Tech company Red 6 has conducted the first multi-aircraft augmented reality (AR) training flight using both real and virtual aircraft, according to the company.
The recent exercise is an advancement toward a “military Metaverse” for combat flight training that allows multiple pilots to communicate at the same time while using a synthetic training environment, Red 6 said in an announcement made during the UP.Summit mobility conference underway this week in Bentonville, Arkansas.
During the test flight, pilots in two Berkut 540 experimental aircraft departed Santa Monica Airport (KSMO) in California and entered Red 6’s AR environment, called the Combined Augmented Reality Battlespace Operation Network (CARBON).
Once linked in CARBON, the pilots could see and interact with an AR generated Boeing KC-46 Pegasus Tanker. Through AR, one pilot conducted a training mission with the tanker, while the other pilot observed in real time.
“We are thrilled that our thesis has been validated, and this achievement is a major step forward towards the creation of an outdoor Military Metaverse in which all warfighters, across all domains can train together,” said Daniel Robinson, founder and CEO of Red 6, in a statement.
The test flight comes two years after Red 6 conducted what it said was the “world-first live dogfight” against a virtual aircraft driven by artificial intelligence.
“The flight showcased the groundbreaking display and control systems needed to bring AR into the real world, while simultaneously integrating tactical AI into the Red 6 system,” the company said.

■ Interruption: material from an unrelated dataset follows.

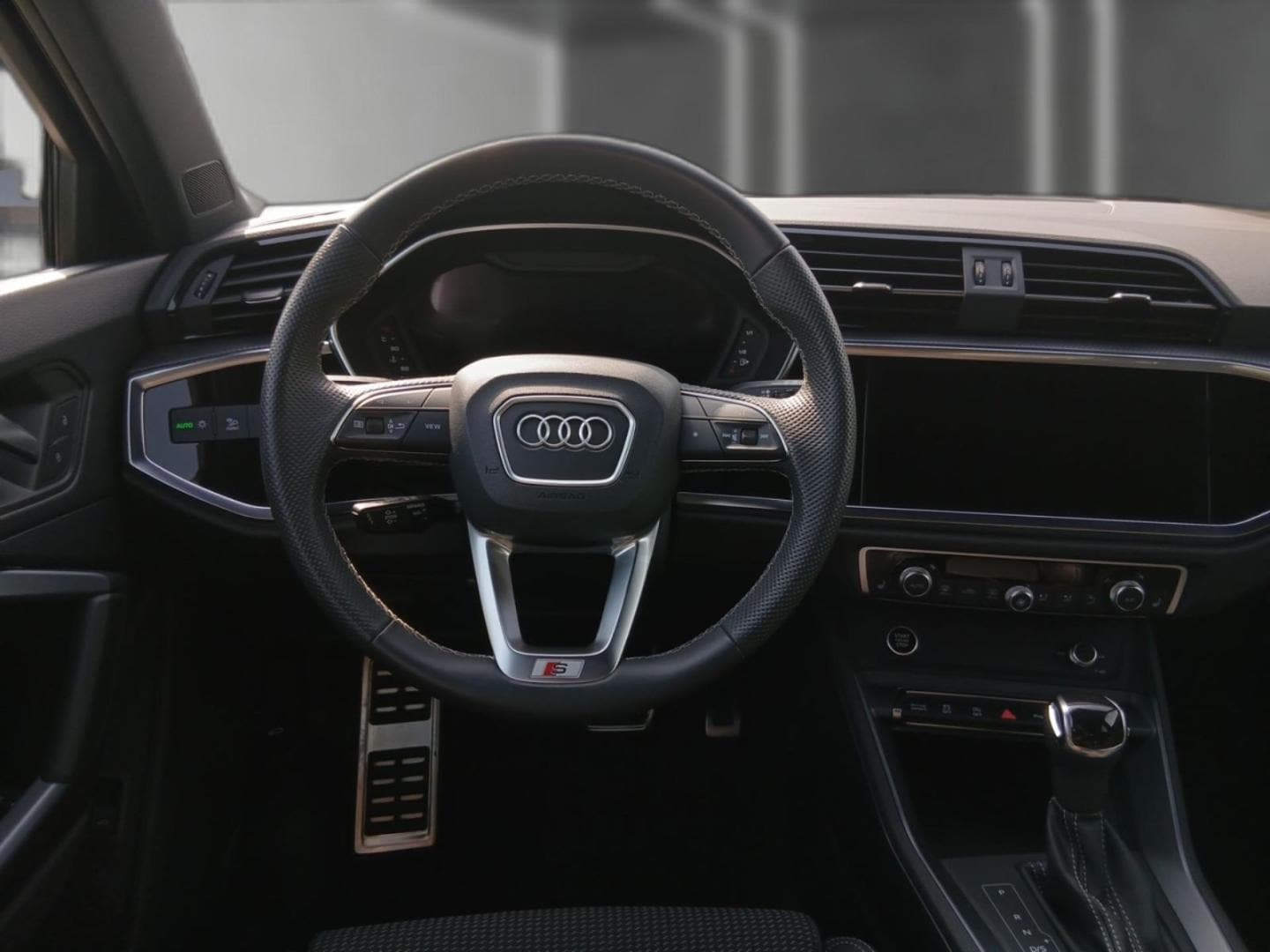 Bild über Audi Q3 Sportback S line 35 TFSI S tronic - für weitere Informationen kontaktieren Sie den Audi Partner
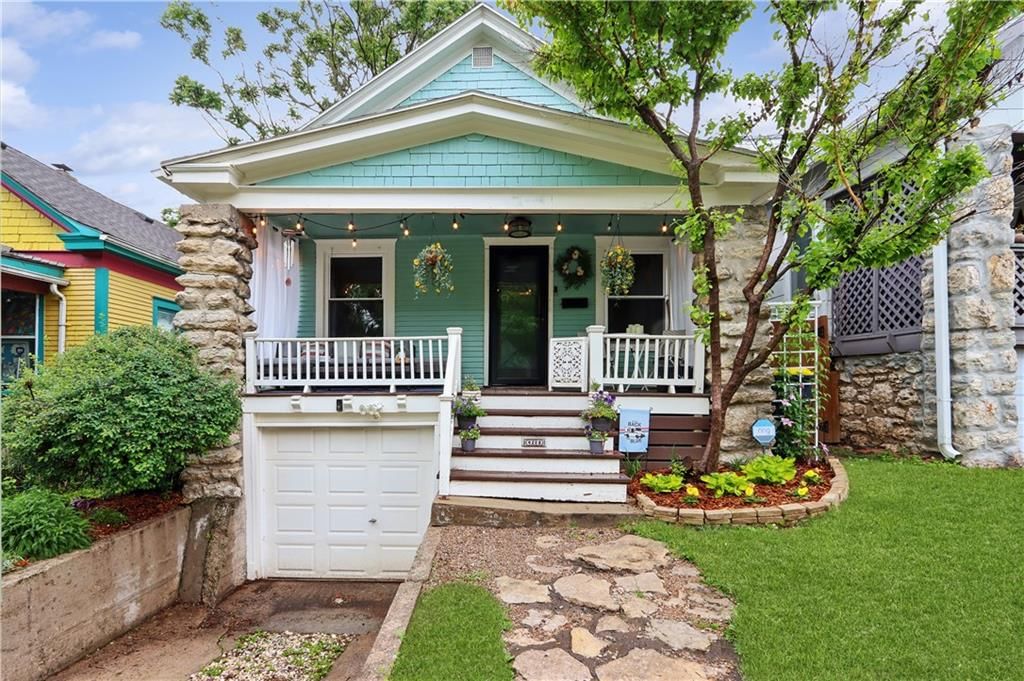 4208 Charlotte Street — photo 1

Red 6 is now looking at AR solutions on the ground, according to Robinson.
“We are in the early stages of exploring dismounted solutions and the ability to connect a dismounted soldier to pilots in an airplane to allow them to see a common picture,” he told FLYING.
The aviation industry is increasingly turning to AR, for applications from air traffic control operations to pilot training.
Last fall, students at Embry-Riddle Aeronautical University, Prescott, developed AR holograms that create 3D models of the CRJ-700 and allow the student to move around inside the aircraft systems.